YÜKSELİŞ, YILIN İKİNCİ YARISINDAN SONRA

Altın ve döviz cephesinde ise FED tarafından gelecek faiz indirimleriyle, özellikle yılın ikinci yarısında ons altında yükselişlerin hızlanması bekleniyor. Mevcut durumda FED yetkilileri faiz indirimlerinin zamanlaması konusunda aşırı temkinli duruşunu sürdürmeye devam etse de, 2024 yılı için toplam da 75 baz puanlık üç faiz indirimi öngörülmekte. Dolayısıyla böyle bir durumda ons altında 2.500 dolar seviyelerinin gündeme gelebileceği tahmin ediliyor. Ons altındaki yükselişin yanı sıra dolar/TL kurunda da yılın devamında yükselişlerin devam edeceği beklentisiyle, gram altın için yıl sonunda 3 bin TL seviyelerinin üzeri gündeme gelebilir. Dolar/TL’de ise son dönemde yaşanan dalgalanma piyasaların yakın takibinde kalmaya devam ediyor. Özellikle geçtiğimiz hafta içerisinde bankalar arası piyasa ile serbest piyasa kuru arasındaki makasın açılması odağı buraya çevirdi. TCMB’den sıkı duruşun sürdürüleceği mesajlarının yanı sıra, şubat ayı enflasyonunun beklentileri aşması sonrasında gelen kredi sınırlaması ve kredi büyümesine dayalı zorunlu karşılık tesisi adımlarına ve seçim sonrasında faiz artış ihtimaline rağmen yıl sonu dolar/TL tahminlerinin 40 TL seviyelerinde yoğunlaştığı görülmekte. Seçim öncesinde tasarruflarını nasıl değerlendireceğini düşünen yatırımcıların bu etkenleri göz ardı etmemesi gerekir.

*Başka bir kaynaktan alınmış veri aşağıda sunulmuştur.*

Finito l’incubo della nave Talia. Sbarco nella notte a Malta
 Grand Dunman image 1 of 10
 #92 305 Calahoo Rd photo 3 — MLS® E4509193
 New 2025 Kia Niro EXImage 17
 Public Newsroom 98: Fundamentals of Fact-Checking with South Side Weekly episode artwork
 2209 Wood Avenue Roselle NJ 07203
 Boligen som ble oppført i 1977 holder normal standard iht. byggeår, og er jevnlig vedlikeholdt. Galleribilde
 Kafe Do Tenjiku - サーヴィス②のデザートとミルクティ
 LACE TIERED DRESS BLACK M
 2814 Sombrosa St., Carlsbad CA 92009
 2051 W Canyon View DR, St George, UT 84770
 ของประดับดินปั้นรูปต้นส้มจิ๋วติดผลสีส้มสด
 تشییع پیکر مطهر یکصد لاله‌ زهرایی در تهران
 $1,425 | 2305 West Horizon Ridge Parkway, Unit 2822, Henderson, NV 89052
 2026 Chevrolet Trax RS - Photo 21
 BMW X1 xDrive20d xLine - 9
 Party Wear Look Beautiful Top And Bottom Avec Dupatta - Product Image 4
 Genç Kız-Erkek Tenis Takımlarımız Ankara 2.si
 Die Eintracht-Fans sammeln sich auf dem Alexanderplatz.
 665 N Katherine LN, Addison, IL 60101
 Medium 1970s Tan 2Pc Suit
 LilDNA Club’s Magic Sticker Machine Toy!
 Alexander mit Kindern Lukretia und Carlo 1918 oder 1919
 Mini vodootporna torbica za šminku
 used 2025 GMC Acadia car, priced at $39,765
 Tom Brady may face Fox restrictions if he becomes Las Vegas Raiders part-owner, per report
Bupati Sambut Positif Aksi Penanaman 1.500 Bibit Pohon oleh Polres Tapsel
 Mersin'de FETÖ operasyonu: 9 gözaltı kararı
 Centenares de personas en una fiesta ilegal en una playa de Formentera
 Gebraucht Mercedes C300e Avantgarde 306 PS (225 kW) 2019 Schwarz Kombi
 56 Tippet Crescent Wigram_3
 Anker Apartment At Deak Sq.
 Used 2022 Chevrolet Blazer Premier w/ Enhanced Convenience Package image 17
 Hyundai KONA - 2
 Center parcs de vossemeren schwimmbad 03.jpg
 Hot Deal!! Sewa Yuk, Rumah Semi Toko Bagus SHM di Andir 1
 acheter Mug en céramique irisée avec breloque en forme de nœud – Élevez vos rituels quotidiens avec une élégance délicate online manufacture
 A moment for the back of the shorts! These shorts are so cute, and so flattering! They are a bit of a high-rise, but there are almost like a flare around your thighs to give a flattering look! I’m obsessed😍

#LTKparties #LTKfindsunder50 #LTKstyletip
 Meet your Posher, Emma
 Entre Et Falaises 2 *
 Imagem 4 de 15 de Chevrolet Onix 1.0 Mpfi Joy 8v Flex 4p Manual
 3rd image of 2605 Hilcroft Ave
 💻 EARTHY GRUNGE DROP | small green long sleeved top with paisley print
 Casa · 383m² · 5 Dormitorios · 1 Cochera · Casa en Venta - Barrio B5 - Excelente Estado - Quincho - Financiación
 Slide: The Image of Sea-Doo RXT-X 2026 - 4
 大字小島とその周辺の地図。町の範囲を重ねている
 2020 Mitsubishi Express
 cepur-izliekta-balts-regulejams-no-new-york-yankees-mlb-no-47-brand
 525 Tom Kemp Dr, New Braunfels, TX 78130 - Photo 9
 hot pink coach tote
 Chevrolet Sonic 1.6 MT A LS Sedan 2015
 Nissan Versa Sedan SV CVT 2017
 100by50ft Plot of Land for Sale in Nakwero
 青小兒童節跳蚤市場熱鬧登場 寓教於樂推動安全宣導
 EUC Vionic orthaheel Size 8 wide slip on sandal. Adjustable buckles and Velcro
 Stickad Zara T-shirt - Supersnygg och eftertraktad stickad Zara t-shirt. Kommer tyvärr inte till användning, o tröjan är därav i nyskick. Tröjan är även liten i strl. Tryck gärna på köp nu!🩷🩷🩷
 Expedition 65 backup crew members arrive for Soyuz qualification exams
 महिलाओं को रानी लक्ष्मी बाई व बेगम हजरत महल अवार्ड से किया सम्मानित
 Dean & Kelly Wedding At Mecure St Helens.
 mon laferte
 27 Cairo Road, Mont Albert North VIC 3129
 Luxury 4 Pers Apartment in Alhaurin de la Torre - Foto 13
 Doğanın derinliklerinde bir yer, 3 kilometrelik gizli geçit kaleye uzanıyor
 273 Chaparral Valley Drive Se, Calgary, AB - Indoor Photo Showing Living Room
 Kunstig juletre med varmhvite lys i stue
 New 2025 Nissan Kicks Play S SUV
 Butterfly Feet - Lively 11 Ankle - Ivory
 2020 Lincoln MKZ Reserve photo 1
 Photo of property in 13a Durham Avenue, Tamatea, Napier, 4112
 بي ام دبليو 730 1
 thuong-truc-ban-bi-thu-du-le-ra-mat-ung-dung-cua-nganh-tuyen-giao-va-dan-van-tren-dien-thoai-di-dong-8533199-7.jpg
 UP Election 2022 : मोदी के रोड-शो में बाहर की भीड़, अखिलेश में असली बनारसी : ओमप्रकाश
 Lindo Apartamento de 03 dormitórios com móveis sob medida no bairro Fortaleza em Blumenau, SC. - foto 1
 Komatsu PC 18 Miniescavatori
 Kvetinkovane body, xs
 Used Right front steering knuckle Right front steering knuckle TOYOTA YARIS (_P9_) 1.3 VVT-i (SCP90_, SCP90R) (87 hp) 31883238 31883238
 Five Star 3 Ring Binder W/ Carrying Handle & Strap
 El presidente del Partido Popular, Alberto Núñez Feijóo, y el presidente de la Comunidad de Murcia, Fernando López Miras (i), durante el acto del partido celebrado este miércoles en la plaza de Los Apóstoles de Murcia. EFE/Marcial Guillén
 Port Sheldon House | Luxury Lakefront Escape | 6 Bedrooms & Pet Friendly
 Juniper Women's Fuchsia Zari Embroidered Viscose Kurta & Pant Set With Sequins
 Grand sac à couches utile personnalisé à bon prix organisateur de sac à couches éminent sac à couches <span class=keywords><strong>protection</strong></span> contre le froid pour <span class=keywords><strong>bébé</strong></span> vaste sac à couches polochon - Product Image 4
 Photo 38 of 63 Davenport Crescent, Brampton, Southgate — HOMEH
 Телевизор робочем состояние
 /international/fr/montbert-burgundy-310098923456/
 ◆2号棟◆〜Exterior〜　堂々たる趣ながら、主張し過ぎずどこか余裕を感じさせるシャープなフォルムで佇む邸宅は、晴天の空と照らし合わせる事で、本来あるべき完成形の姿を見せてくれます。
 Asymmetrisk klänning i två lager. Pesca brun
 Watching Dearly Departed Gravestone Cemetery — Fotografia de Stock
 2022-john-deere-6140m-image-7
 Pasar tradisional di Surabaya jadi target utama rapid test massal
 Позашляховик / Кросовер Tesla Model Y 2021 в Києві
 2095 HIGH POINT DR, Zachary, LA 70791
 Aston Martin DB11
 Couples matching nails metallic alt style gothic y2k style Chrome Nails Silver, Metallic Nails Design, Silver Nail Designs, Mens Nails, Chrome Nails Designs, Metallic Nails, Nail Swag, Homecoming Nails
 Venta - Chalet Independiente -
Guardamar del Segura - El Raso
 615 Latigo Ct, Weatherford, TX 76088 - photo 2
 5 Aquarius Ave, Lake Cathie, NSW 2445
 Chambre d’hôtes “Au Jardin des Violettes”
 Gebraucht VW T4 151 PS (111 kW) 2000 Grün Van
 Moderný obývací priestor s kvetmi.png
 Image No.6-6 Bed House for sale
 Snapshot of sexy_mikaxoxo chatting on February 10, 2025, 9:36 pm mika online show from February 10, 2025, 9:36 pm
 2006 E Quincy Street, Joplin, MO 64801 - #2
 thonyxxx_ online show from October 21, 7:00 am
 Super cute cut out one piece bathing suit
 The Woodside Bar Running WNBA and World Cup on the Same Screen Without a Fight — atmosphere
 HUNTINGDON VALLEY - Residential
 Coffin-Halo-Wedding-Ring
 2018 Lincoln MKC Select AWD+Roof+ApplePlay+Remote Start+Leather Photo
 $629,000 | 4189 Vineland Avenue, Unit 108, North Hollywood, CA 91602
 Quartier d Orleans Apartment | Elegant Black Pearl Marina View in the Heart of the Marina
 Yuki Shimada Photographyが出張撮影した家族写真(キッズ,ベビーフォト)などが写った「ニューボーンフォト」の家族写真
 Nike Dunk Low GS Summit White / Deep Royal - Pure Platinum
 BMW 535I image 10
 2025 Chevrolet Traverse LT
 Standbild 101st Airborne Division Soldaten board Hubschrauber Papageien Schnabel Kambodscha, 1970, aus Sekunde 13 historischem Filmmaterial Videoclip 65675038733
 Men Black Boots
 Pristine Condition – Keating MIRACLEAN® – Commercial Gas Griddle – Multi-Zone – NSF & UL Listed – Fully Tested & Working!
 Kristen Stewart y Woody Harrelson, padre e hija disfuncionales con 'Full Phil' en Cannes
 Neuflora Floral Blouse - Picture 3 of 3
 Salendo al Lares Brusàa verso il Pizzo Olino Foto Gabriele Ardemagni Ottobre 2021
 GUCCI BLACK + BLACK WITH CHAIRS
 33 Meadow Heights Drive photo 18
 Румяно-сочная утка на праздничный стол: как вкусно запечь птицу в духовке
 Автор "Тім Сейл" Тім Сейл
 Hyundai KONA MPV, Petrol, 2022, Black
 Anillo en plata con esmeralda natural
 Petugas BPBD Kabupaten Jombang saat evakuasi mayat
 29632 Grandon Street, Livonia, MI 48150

Diğer yandan her yatırımcının risk algısı ve getiri beklentisi farklı olmakla birlikte, birikimlerini, görece dengeli bir portföyde değerlendirmek isteyen yatırımcılar yüzde 40 borsa, yüzde 35 altın ve yüzde 25 döviz olacak şekilde bir sepet oluşturabilirler.